Investing in cryptocurrency, as a highly volatile asset, is considered an a priori task with increased risks of financial drawdown. To eliminate the loss of capital, the DYOR method is used, in which the system user conducts his own analysis of the profitability of a particular project and its prospects. This is because of factors such as:

  • hype in the media space;
  • the formation of a bubble due to an artificial increase in the value of an asset, which does not correspond to its real value in a specific period of time;
  • the behavior of market whales, who, in one way or another, can influence the situation with the value of specific assets to achieve their own benefit.

If you need more than your own skills and knowledge, you can use information from well-known experts, traders, and cryptocurrency market enthusiasts who post their publications marked DYOR.

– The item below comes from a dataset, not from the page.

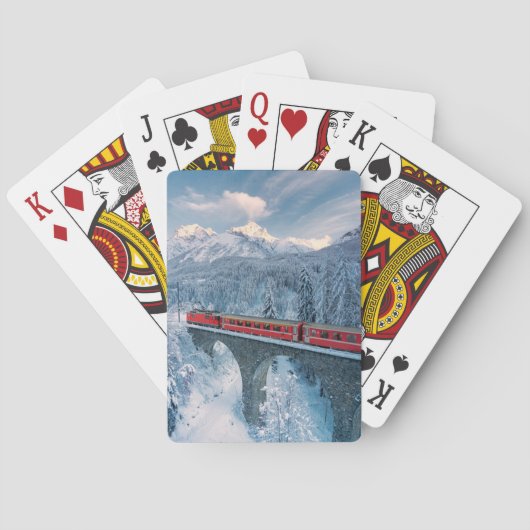 Jeu De Cartes Glace et neige | Train Express Red Bernina Suisse (dos)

DYOR verification algorithm

Any trader or investor's main task is to exercise healthy skepticism, focus on actual data, and consider the possible correlation of the value of the selected asset before making a transaction. To rationally analyze all available input data, you can follow the following Do Your Own Research algorithm:

  • Team rating. If, at the dawn of the development of the cryptocurrency market, all communities were formed on conditions of absolute anonymity, today, this condition is increasingly leveled out. This happens because investors and traders invest much more actively in various projects; if the team members are known, it is possible to analyze the community's activities in the long term. This determines a kind of project reliability rating and its profitability from the point of view of the possibility of obtaining real income.
  • Partnership. Investing in projects that no market leaders support is a dubious proposition. On the contrary, if the project is highly rated by well-known companies, for example, Binance and Coinbase, there are many more reasons for competent investment since these companies usually employ a team of professional analysts who carefully evaluate all potential risks and benefits.
  • Activity on social networks. Today, the benchmark for the reliability of a project is precisely the transparency and active activity of the owners on social networks. The more publications with valuable information, reposts, and likes, the greater the chances of joining a truly worthwhile project.
  • Whitepaper and Roadmap. The expectation of profit should not be illusory and endless. Therefore, it is necessary to check, by DYOR, the clarity of the plan and the consistency of its implementation in practice by a particular company or a specific community. If the goals are formulated incomprehensibly, or their implementation does not meet the stated deadlines, it is worth considering the feasibility of contributing to such a project.
  • Tokenomics. When choosing digital coins or tokens for purchase and making a profit from their subsequent sale, you need to ensure that this digital asset's real capitalization corresponds to its value. That is, it is necessary to exclude intentional manipulations by community owners to obtain their own benefit.

Special attention should be paid to the referral system and other additional income sources on a specific project. Sky-high payout rates often indicate a scam rather than the honesty and transparency of the project. All this borders on increased risks of losing capital at any time.